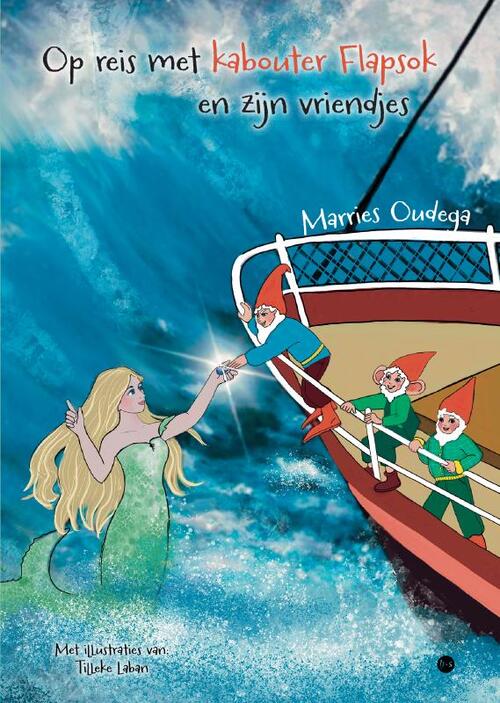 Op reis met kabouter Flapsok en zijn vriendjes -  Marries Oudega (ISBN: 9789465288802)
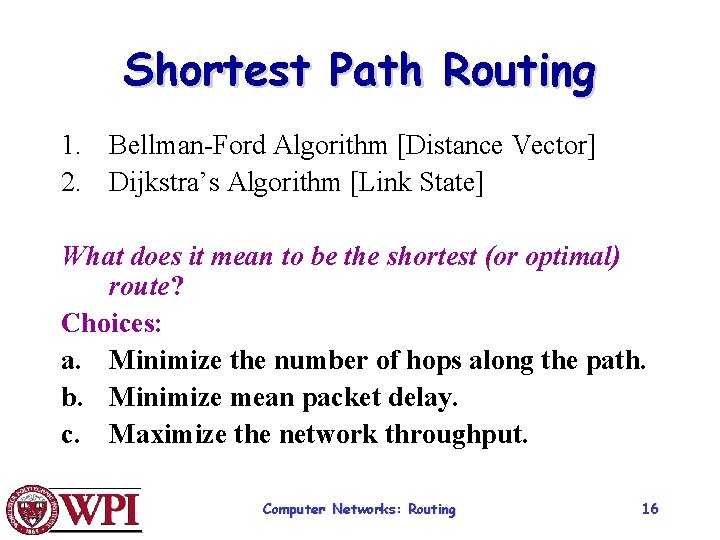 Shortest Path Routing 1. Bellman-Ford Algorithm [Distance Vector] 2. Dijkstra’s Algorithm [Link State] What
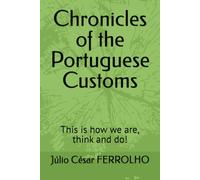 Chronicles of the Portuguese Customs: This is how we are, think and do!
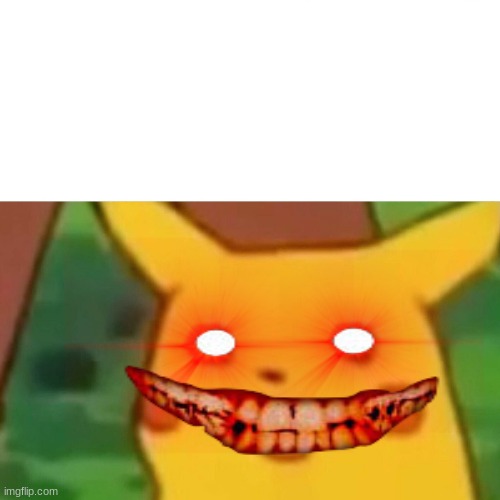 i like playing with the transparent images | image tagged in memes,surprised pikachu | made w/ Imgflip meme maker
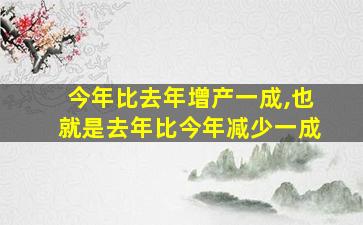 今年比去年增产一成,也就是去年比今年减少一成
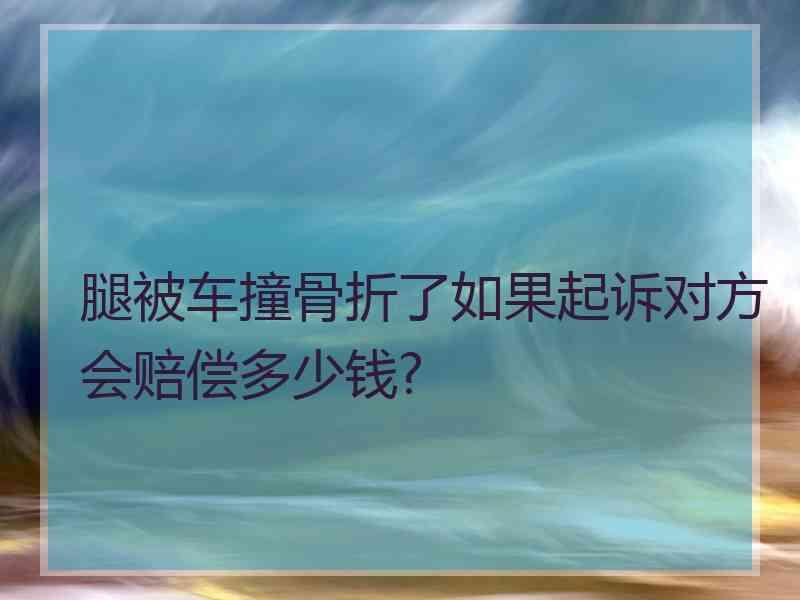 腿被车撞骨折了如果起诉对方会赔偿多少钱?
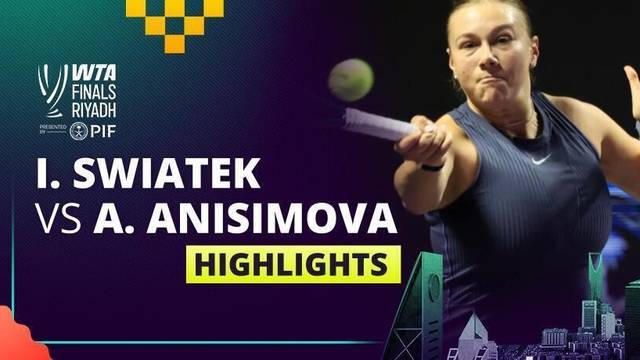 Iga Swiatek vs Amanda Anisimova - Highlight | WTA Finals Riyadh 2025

==

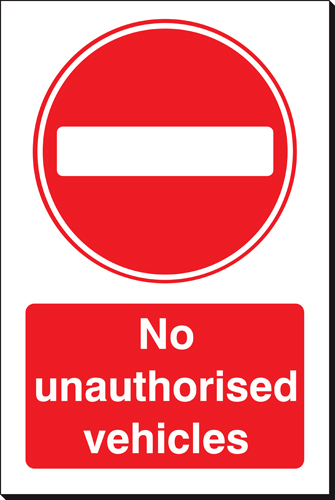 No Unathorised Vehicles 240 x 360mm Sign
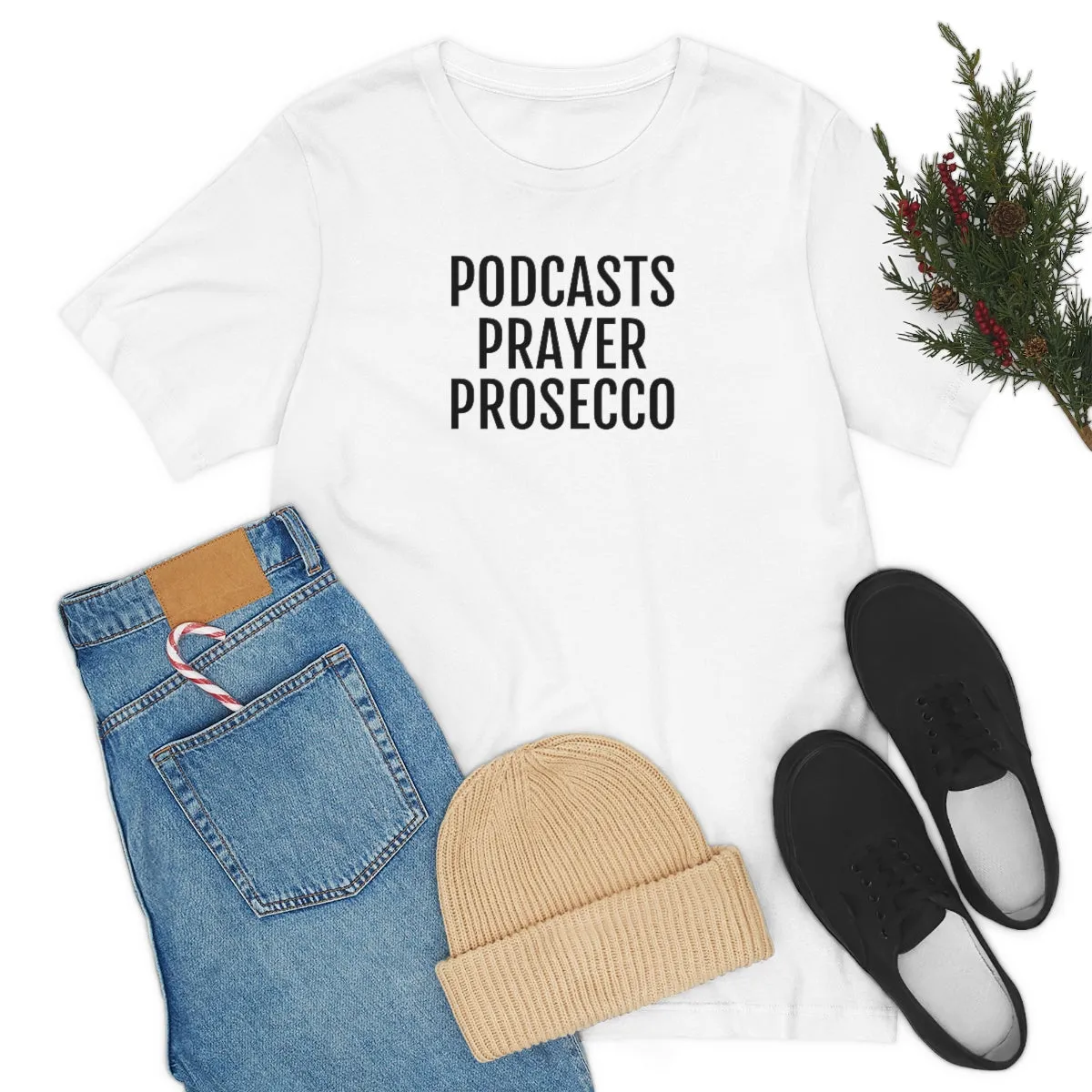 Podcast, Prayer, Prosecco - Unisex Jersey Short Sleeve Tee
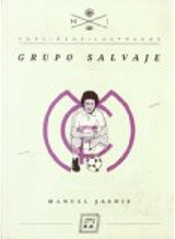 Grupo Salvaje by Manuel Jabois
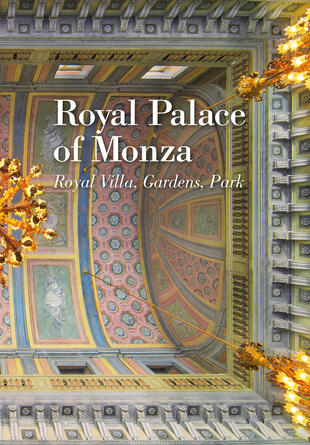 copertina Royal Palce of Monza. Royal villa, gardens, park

What you have to do:
Exactly reproduce the lines above, starting at the one that contains "i like playing" and ending at the one that contains "Iga Swiatek vs", both inclusive; leave the pictures out and add no other lines.

Answer section:
 i like playing with the transparent images | image tagged in memes,surprised pikachu | made w/ Imgflip meme maker
 今年比去年增产一成,也就是去年比今年减少一成
 腿被车撞骨折了如果起诉对方会赔偿多少钱?
 Iga Swiatek vs Amanda Anisimova - Highlight | WTA Finals Riyadh 2025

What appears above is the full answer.